The event recorder showed that the train was traveling 47 mph at the time of the crash. The train was authorized for speeds up to 50 mph.

The names of the 51-year-old conductor and 65-year-old engineer have not been released. They had been off duty for about 14 hours before the crash, more than the 12 hours required, Rosenker said.

Results from standard toxicology tests will be available within two weeks, he said.

Investigators inspected the four locomotives and the 14 cars at the head of the train yesterday, looking for nicks and abrasions that would indicate "if the train struck anything on the tracks," Rosenker said.

Federal officials also expected to receive maintenance records for the section of railroad where the derailment occurred. CSX inspected the tracks on Monday as part of routine, twice-a-week maintenance.

Tests investigators performed on cars and the section of track they could reach did not show any obvious defects, Rosenker said. He said he was unaware of previous accidents near the site.

Since the derailment, Kentucky environmental officials have been monitoring waterways for signs of possible chemical contamination. They found an unknown chemical in several tributaries of the Salt River on Tuesday.
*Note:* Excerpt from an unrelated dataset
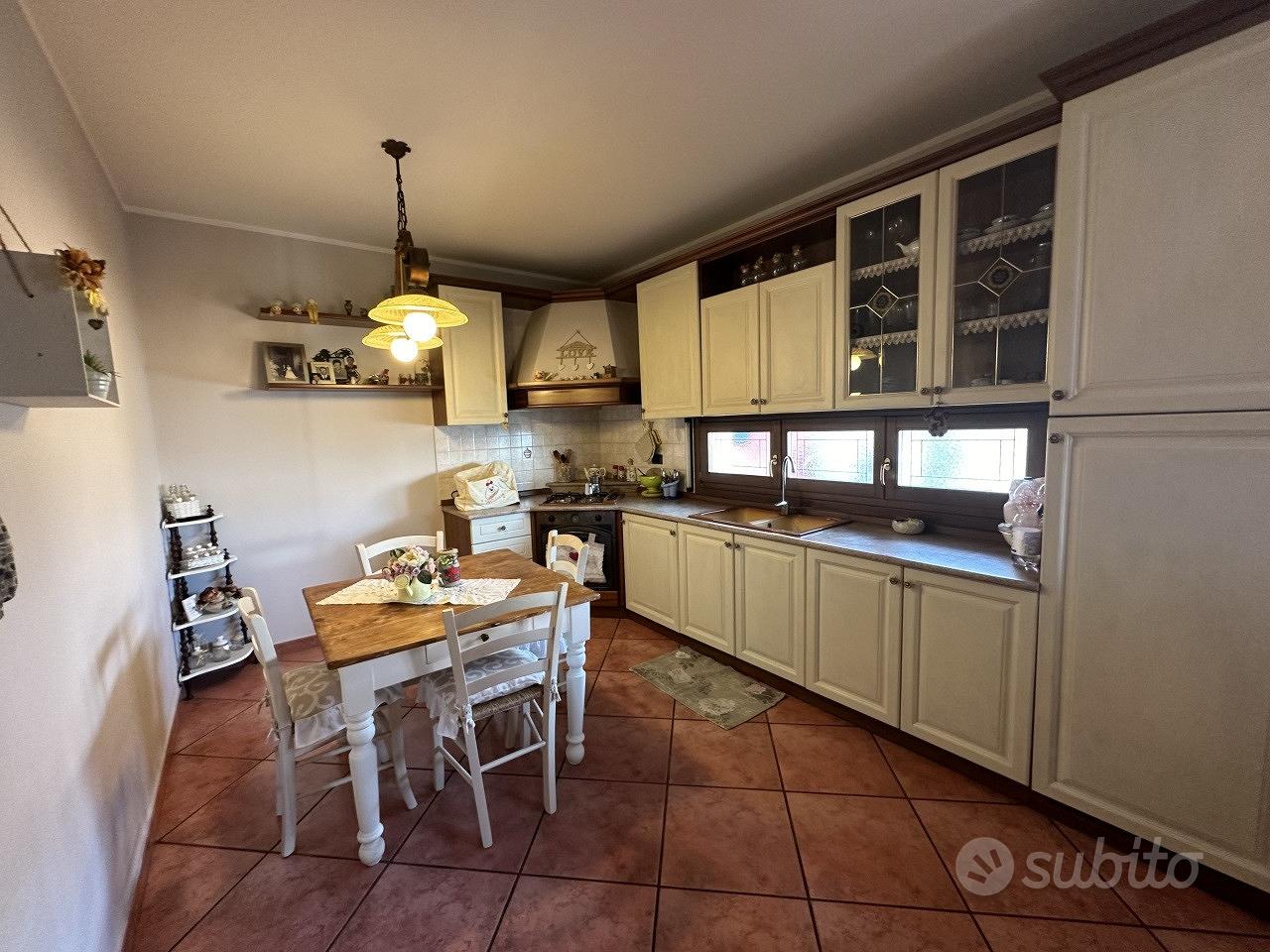 Villa a Rovigo - Vista 5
Todd Giles, an official with the Kentucky Department for Environmental Protection, said waterways will be sampled for signs of contamination starting today.

Bullitt County farmer Joe Rhea, who lives about three miles north of Shepherdsville, said contractors for CSX skimmed derailment-related pollution all day from a creek that flows through his family's property and is downstream from the wreckage.

Rhea described the pollution as a "petroleum sheen" and "brown muck," and said a sharp odor from chemical vapors irritated his eyes.